Managing high partition workloads

You learn how to identify an error related to high partition workloads that require configuration of your Hive Virtual Warehouse to run successfully. You might need to configure your Virtual Warehouse to prevent these errors when inserting data into workloads with a large number of partitions and columns.

To prevent an error when inserting data into a high partition workload, such as a table having 5,000 partitions and 100 columns, configure the Hive Virtual Warehouse as described in the steps below.
The error message you might see when inserting data into a high partition workload that is not configured properly looks something like this:
ERROR : FAILED: Execution Error, return code 40000 from org.apache.hadoop.hive.ql.exec.MoveTask.

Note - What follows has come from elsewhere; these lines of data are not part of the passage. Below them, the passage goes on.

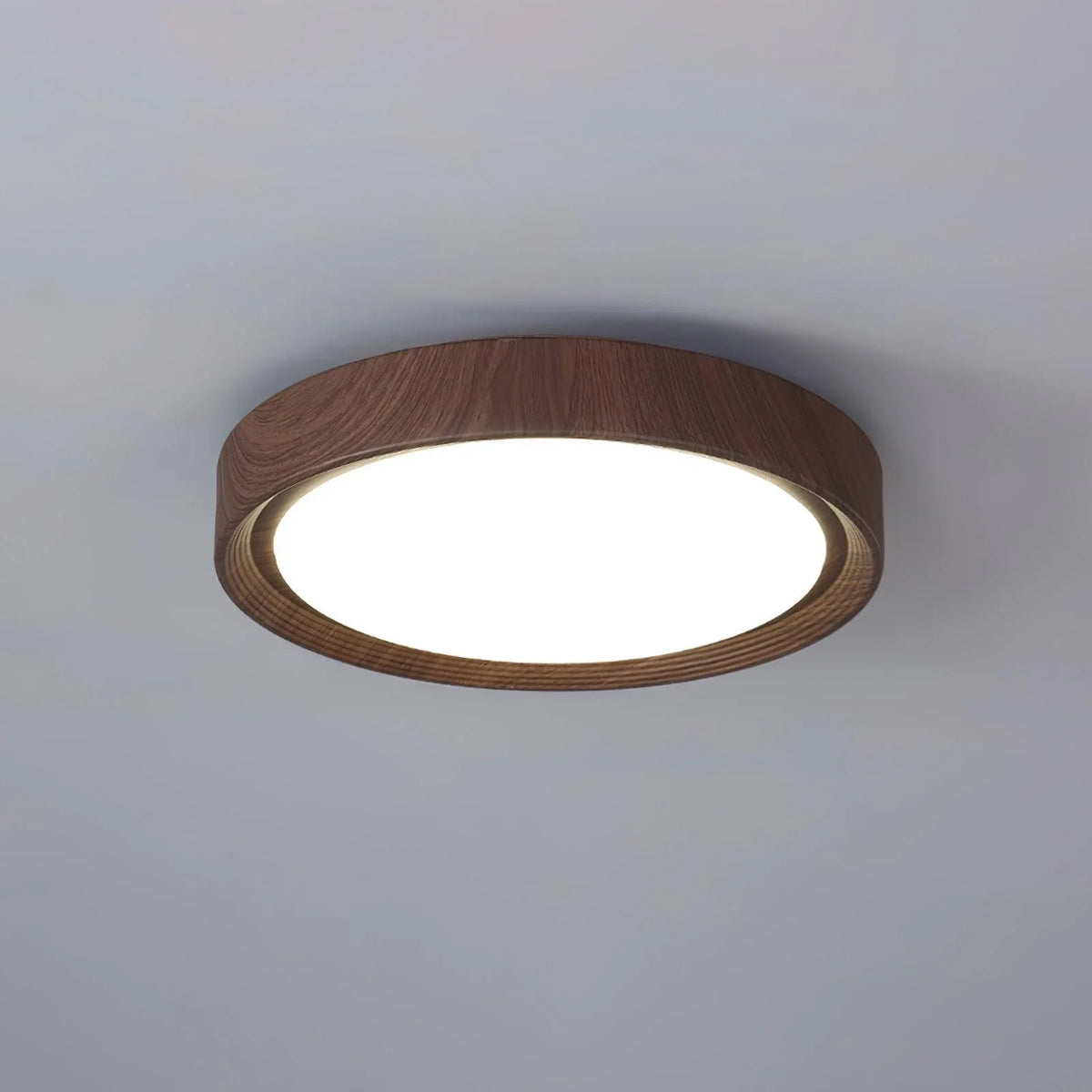 Modern Flush Mount in acrylic for Low Ceilings by AUVIELIGHT, Model B ∅ 11.8" x H 2.8" / Walnut Wood Grain & White / Remote Control Dimmer and 1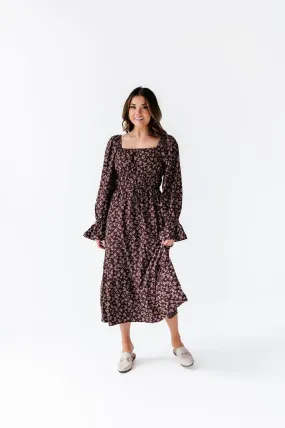 Holland Floral Dress in Chocolate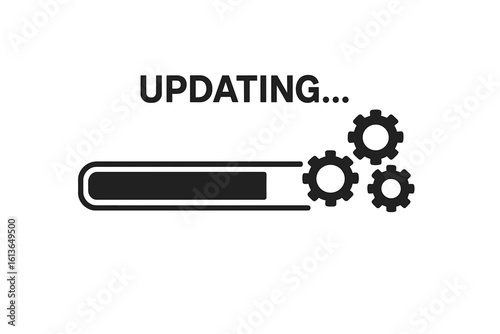 Updating system process with loading bar and gears icon. Software update or installation of a new operating system. Vector illustration of a progress indicator.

MetaException(message:One or more instances could not be made persistent) 
  1. Try changing the size of your Hive Virtual Warehouse.
    For example, if you experience the high partition error in a small Virtual Warehouse, try using a medium Virtual Warehouse and set min/max nodes to 40.
  2. In the CDW UI, in Overview, select Virtual Warehouses, click Options , and select Edit.
  3. Click CONFIGURATIONS > HiveServer2.
  4. Tune HS2 parameters in the Virtual Warehouse.
    For example, search for and set the following properties, or if the property is not found, click + to add a custom configuration, and set it as follows.
    set hive.optimize.sort.dynamic.partition.threshold=0;
    set hive.thrift.client.max.message.size=2147483647;
    set hive.metastore.client.skip.columns.for.partitions=true;
    set hive.stats.autogather=false;
    set hive.stats.column.autogather=false;
    set hive.msck.repair.batch.size=[***TABLE SCHEMA SIZE***];
  5. Navigate to Data Warehouses > Database Catalogs, and select your Database Catalog.
  6. Click Options , and select Edit.
  7. Tune Metastore parameters in the Database Catalog.
    For example, click Configurations > Metastore, search for and set the following properties, or if the property is not found, click + to add a custom configuration, and set it as follows.
    hive.metastore.direct.sql.batch.size=[***TABLE SCHEMA SIZE***]
    hive.txn.timeout=3600
    hive.metastore.try.direct.sql=true
    hive.metastore.try.direct.sql.ddl=true